Designing the lesson with TPACK
The topic is active and passive voice. The structural difference between “The teacher assigned homework” (active) and “Homework was assigned” (passive).
- CK: Understanding active vs passive sentence structure and how to transform one into the other.
- PK: Inquiry-based learning with real-world application. Students discover why the rule matters (passive voice is often used to avoid blame), not just memorize the formula.
- TK: Google Docs for real-time collaboration and digital news archives for source material.
The lesson: The teacher projects a real news headline written in passive voice: “Mistakes were made during the financial crisis.” In shared Google Docs, student groups rewrite the headline into active voice: “The bank CEO made mistakes.” The teacher watches the cursors live and uses the comment feature to prompt students: how does active voice shift the blame? How does it change the tone?
Live collaboration (TK) enables real-time peer editing and teacher feedback (PK) while students manipulate grammatical structure (CK) using real-world texts. That is TPACK.
By using inquiry-based learning with real-world application.

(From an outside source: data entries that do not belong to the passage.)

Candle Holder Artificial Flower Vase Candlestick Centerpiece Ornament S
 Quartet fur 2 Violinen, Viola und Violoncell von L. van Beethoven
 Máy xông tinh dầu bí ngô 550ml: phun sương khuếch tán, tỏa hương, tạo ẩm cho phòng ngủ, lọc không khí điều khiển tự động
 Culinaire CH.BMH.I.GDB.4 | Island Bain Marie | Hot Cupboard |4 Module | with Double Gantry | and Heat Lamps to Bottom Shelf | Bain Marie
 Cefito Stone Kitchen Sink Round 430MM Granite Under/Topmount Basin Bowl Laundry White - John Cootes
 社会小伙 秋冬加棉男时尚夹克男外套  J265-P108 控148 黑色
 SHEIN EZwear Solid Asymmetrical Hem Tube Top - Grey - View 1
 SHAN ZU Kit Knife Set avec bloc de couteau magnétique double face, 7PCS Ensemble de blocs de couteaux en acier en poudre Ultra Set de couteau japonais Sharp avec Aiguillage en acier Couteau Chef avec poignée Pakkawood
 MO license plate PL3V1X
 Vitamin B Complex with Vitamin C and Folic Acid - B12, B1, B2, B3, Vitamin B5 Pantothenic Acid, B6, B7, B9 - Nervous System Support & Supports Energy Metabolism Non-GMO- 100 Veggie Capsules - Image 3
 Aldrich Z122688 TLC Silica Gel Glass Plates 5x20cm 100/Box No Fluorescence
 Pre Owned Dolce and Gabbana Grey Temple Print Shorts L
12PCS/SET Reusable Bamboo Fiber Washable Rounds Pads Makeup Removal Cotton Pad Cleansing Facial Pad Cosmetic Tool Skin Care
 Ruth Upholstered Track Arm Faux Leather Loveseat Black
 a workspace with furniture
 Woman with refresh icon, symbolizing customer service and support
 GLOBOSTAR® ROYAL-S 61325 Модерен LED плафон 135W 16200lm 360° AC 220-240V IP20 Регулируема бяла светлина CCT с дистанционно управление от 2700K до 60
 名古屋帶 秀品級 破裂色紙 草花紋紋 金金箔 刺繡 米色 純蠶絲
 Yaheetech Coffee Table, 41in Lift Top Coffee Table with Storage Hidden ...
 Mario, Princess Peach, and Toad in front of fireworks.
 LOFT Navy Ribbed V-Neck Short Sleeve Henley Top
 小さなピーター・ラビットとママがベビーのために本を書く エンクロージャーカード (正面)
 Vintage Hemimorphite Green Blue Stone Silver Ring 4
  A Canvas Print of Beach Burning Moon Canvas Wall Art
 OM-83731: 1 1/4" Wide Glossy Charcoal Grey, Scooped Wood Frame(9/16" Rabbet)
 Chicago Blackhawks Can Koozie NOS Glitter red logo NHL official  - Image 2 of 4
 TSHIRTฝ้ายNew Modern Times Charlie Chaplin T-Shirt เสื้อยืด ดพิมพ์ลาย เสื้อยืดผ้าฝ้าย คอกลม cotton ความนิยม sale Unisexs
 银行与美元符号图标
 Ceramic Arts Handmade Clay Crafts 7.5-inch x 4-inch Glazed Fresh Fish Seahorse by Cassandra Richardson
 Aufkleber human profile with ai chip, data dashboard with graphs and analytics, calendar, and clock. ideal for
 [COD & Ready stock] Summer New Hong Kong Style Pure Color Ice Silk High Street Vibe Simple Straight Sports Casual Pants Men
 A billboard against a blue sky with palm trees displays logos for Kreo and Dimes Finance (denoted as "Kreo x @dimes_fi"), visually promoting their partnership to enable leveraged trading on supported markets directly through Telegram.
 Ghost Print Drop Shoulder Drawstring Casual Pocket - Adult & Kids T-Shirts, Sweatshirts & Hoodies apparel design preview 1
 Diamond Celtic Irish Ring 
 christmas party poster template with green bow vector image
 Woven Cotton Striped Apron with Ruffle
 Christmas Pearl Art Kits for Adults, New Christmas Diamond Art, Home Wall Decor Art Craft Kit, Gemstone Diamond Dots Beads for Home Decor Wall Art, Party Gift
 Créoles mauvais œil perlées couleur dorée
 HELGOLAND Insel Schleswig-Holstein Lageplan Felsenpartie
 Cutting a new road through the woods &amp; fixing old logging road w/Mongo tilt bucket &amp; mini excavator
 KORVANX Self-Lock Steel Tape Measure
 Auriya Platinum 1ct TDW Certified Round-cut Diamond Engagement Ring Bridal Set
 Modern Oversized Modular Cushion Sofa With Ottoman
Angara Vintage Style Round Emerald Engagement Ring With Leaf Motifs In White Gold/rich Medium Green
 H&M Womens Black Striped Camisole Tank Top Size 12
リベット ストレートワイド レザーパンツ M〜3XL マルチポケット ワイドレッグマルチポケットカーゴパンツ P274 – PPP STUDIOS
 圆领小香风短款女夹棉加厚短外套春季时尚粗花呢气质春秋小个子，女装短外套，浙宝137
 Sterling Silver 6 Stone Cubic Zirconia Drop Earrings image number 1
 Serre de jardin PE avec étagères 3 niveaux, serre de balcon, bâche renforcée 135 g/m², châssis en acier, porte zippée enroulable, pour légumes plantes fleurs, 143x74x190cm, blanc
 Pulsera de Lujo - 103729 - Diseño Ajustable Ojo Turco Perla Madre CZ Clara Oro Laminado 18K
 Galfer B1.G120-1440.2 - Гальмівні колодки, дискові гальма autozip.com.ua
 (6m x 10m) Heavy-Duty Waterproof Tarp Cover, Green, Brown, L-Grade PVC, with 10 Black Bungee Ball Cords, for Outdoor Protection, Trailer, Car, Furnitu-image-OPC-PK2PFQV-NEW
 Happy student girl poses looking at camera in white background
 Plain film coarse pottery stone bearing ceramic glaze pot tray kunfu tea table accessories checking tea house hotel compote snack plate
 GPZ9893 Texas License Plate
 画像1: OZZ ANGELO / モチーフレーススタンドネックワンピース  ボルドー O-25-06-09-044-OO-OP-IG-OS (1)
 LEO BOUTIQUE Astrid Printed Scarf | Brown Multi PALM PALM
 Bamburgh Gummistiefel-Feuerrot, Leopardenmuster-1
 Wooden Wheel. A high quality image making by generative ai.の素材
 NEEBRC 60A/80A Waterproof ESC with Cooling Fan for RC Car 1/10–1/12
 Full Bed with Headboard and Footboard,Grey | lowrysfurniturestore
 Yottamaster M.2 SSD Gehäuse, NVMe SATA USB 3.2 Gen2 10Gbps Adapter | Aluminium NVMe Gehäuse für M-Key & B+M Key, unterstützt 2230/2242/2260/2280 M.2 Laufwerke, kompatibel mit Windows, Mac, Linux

Instead of memorizing rules, students discover why passive voice is used in real news headlines to avoid blame. The pedagogy drives the lesson toward critical thinking, not rote memorization.
Evaluating with SAMR
Substitution
Students type answers to a “change Active to Passive” worksheet in Microsoft Word instead of writing with a pencil. Same task, different tool.
Augmentation
Students take a grammar quiz on Quizizz. If they answer wrong, the platform gives a hint and a digital flashcard explaining the rule before the next question. Same quiz, but with instant feedback.
Modification
Students use Track Changes in a collaborative document to edit a classmate’s essay that is deliberately written in heavy passive voice. They highlight passive verbs and leave margin comments explaining why active voice makes each sentence stronger. The task shifts from answering grammar questions to peer editing.
CK: Active vs passive voice structure (content)
PK: Inquiry-based learning where students discover why voice matters in real-world journalism (teaching method)
TK: Google Docs for live collaboration (digital tool)
All three connect: live collaboration lets students manipulate grammar using real news texts while the teacher gives feedback in real time.
Redefinition
Students form a “PR Crisis Agency.” They get a fictional scenario where a company made a serious mistake. They write, record, and publish two audio press releases using a podcasting tool: one in passive voice (to deflect blame) and one in active voice (taking full responsibility). They survey another class with digital forms to measure which version sounds more trustworthy. Grammar becomes a tool for analyzing persuasion. This task has no pen-and-paper equivalent.
What this example shows
TPACK helped design one specific lesson (the news headline rewrite). SAMR showed four ways technology could be used for the same grammar content, from shallow to deep. A teacher can use both: design with TPACK, then check the depth with SAMR.